As Vice-Chair of the APPG for SEND I would like to highlight the recent report ‘Forgotten. Left Behind. Overlooked’ outlining the experiences of young people with SEND and their educational transitions during the Covid-19 pandemic in 2020.
Members of the APPG were keen to focus the inquiry on how the transitions that young people with SEND face had been impacted by the significant changes in education provision since March 2020 due to the pandemic.
It is widely accepted that moving between education settings, for either a change of phase or for enhanced or different provision, is difficult for all children, but what is clear from the experiences we heard is that the pandemic negatively impacted on some of our most vulnerable children, young people and their families the most.
In 2014, the Government introduced significant reforms to the way in which children and young people with SEND are identified and supported – requiring local authorities to have greater regard to the needs of children with SEND and their parents.
It is concerning – often heart-rending - to hear of the difficulties faced by some families (and schools) in securing enough support and appropriate placements for pupils with SEND, with some families turning to home-schooling. It is true that the system of providing support for pupils with additional and SEND needs is complex and the needs and experiences of young people and their families are wide-ranging, often physical and emotional. What is apparent is how many families have to fight for the right support for their child. This is not right; the process of applying and assessing for Education and Health Care Plans must be made simpler and more compassionate.
It is also clear that there are regional variations in the experiences of young people with SEND. This is very concerning. The National Deaf Children’s Society noted that online learning materials, transition support, early intervention support and recovery plans were available but “not consistently across England”. Sense also spoke of a lack of consistency. They described regional variations in SEND provision and urged the government to revise its approach to local solutions and create a guidance framework for risk assessment that is appropriate.
It is welcome that the Government itself has acknowledged that despite the important reforms introduced to improve support for young people with SEND, the system is not working for every pupil. I look forward to the cross Government SEND Review being published in the coming weeks as one of the issues it is looking at is how to make sure SEND provision is consistent all over the country, that it is high quality, and integrated across education, health and care. I am grateful to the Minister for the work she has done as regards this Review and for her comments at the recent AGM for the APPG for SEND in March.
I welcome the recent capital funding boost of £280 million for children and young people with SEND – an investment to provide more specialist places and improve provision for SEND pupils across the country.
It is also very good news that the High Needs funding has been boosted by nearly a quarter to £8 billion in 2021-22, with an extra £780 million for local authorities this year and a further £780 in the next financial year and that the Government is supporting local authorities and their partners to improve SEND services for every young person with an Education, Health and Care Plan. This includes the programme of inspections and interim visits by Ofsted and the CQC to check the quality of provision as well as direct support and challenge to individual areas.

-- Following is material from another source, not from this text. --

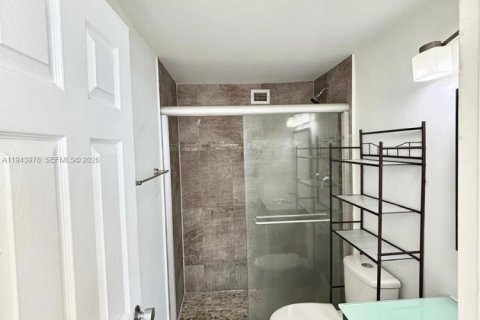 Снять в аренду кондоминиум в Майами, Флорида 2 спальни, 91.97м2, № 2002104 - фото 28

Could I ask the Minister to look more closely at how central government passes funding onto local authorities for pupils with high needs. Currently, a large proportion of funding allocated through the
High Needs Funding Formula is based on historical spending patterns, meaning that if needs go up or down from year to year, this isn’t fully reflected in local budgets. It also means that local authorities which have been responsible with spending, like ESCC, are left short of vital funding and this may mean that a pupil in one local authority could attract significantly more or less funding than a pupil in another authority, despite having similar needs.
In Hastings, we will see a new SEND free school – The Flagship School – open its doors in September and I am grateful for the Department of Education for its vital support in this much needed initiative.
Lastly, Mr Chairman, I respectfully ask the Minister to give detailed consideration to the recommendations in the APPG’s Report.